Installation
January 23, 2026 · View on GitHub
Requirements
The code is built and tested with Python 3.10, CUDA 12.8, and PyTorch 2.7.1.
Preparation
1. Clone the repository
git clone https://github.com/InternRobotics/InternVLA-A1.git
cd InternVLA-A1
2. Create Conda Environment
conda create -y -n internvla_a1 python=3.10
conda activate internvla_a1
pip install --upgrade pip
3. Install System Dependencies
We use FFmpeg for video encoding/decoding and SVT-AV1 for efficient storage.

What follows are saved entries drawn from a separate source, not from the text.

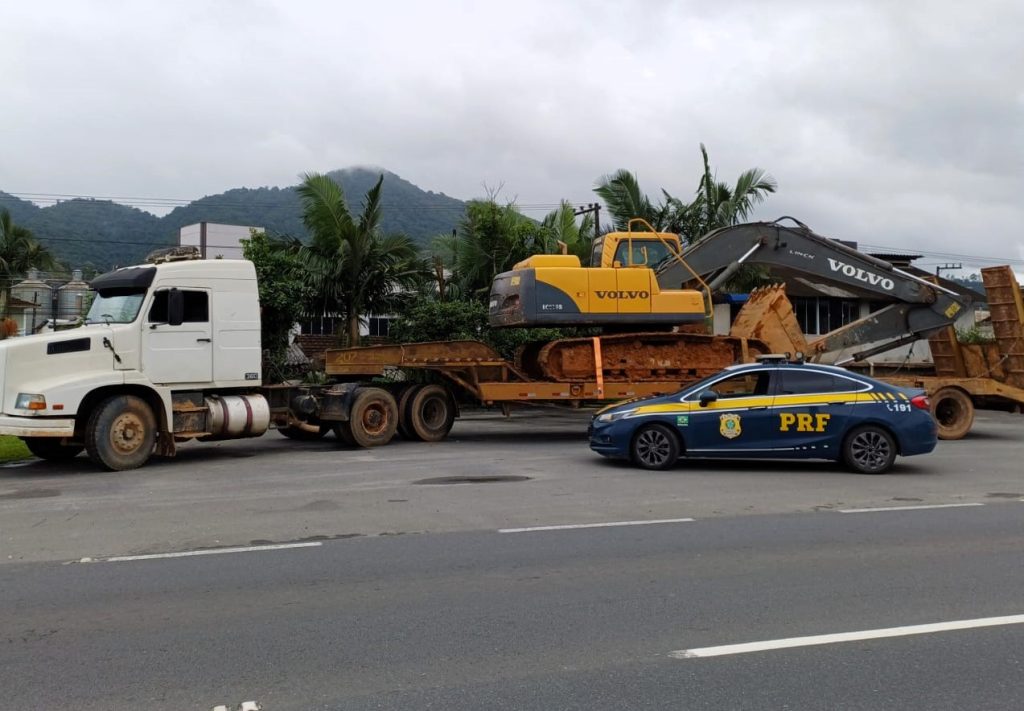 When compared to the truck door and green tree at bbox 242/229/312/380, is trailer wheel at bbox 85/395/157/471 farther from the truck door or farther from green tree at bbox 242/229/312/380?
green tree at bbox 242/229/312/380

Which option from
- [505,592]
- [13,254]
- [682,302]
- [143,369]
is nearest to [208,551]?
[505,592]

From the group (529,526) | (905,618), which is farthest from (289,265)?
(905,618)

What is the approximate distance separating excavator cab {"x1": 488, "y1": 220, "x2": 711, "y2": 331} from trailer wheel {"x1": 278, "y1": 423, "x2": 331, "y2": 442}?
3.92 m

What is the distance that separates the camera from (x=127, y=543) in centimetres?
799

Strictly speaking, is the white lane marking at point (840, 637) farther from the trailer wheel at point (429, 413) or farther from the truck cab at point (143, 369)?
the trailer wheel at point (429, 413)

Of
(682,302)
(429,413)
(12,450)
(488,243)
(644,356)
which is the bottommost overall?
(12,450)

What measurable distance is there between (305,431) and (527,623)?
11.2 m

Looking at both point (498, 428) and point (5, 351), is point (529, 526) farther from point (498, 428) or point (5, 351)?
point (498, 428)

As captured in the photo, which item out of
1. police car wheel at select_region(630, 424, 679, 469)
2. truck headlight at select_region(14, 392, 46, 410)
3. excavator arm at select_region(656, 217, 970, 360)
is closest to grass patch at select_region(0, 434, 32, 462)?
truck headlight at select_region(14, 392, 46, 410)

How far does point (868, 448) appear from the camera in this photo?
12.4 m

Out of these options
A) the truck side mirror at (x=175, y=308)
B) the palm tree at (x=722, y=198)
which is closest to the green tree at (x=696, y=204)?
the palm tree at (x=722, y=198)

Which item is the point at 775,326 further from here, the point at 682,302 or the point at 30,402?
the point at 30,402

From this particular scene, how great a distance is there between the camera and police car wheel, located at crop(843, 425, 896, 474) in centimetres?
1238

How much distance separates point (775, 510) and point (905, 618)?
3.84 m
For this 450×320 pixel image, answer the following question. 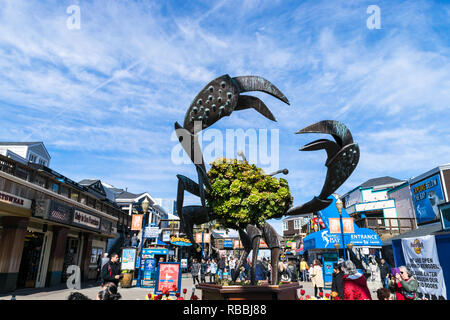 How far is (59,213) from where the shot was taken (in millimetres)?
14367

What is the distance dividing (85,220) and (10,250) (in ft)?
14.8

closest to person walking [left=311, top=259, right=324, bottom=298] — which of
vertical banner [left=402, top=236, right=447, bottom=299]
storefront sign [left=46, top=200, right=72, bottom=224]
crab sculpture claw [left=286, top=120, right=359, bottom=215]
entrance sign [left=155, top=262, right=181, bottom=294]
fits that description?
vertical banner [left=402, top=236, right=447, bottom=299]

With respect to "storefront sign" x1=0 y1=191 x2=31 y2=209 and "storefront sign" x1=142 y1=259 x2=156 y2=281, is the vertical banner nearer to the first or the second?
"storefront sign" x1=142 y1=259 x2=156 y2=281

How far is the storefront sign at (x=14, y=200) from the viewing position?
11417 millimetres

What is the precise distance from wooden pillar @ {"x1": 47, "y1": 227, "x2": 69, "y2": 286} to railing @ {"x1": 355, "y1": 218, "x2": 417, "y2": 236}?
24.1 meters

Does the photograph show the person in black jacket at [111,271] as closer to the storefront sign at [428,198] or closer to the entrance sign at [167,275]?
the entrance sign at [167,275]

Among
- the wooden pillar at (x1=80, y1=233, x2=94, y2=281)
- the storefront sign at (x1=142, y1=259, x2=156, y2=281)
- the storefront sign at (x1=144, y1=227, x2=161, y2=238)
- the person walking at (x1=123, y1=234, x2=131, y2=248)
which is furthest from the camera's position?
the person walking at (x1=123, y1=234, x2=131, y2=248)

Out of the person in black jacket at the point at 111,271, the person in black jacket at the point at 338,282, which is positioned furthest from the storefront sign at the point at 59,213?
the person in black jacket at the point at 338,282

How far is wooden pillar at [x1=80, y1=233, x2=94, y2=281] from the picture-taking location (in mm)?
20781

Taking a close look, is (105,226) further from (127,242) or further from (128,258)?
(127,242)

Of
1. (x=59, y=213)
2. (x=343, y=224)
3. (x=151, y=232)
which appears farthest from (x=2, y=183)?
(x=343, y=224) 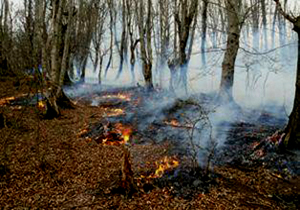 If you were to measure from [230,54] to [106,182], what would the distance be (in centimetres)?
782

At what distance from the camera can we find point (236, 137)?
28.2 feet

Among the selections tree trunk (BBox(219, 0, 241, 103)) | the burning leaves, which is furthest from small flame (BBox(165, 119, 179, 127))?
tree trunk (BBox(219, 0, 241, 103))

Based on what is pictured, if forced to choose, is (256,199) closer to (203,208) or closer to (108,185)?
(203,208)

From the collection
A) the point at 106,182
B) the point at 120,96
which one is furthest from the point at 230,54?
the point at 120,96

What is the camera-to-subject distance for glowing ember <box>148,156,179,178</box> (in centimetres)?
650

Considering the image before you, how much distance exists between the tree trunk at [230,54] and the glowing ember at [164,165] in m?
5.34

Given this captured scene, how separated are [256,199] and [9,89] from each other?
18.0m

conda install -c conda-forge ffmpeg=7.1.1 svt-av1 -y
4. Install PyTorch (CUDA 12.8)
pip install torch==2.7.1 torchvision==0.22.1 torchaudio==2.7.1 \
--index-url https://download.pytorch.org/whl/cu128
5. Install Python Dependencies
pip install torchcodec numpy scipy transformers==4.57.1 mediapy loguru pytest omegaconf
pip install -e .
6. Patch HuggingFace Transformers
We replace the default implementations of several model modules (e.g., π0, InternVLA_A1_3B, InternVLA_A1_2B) to support custom architectures for robot learning.
TRANSFORMERS_DIR=${CONDA_PREFIX}/lib/python3.10/site-packages/transformers/
cp -r src/lerobot/policies/pi0/transformers_replace/models ${TRANSFORMERS_DIR}
cp -r src/lerobot/policies/InternVLA_A1_3B/transformers_replace/models ${TRANSFORMERS_DIR}
cp -r src/lerobot/policies/InternVLA_A1_2B/transformers_replace/models ${TRANSFORMERS_DIR}
Make sure the target directory exists—otherwise create it manually.
7. Configure Environment Variables
export HF_TOKEN=your_token # for downloading hf models, tokenizers, or processors
export HF_HOME=path_to_huggingface # default: ~/.cache/huggingface
8. Link Local HuggingFace Cache
ln -s ${HF_HOME}/lerobot data
This allows the repo to access datasets via ./data/.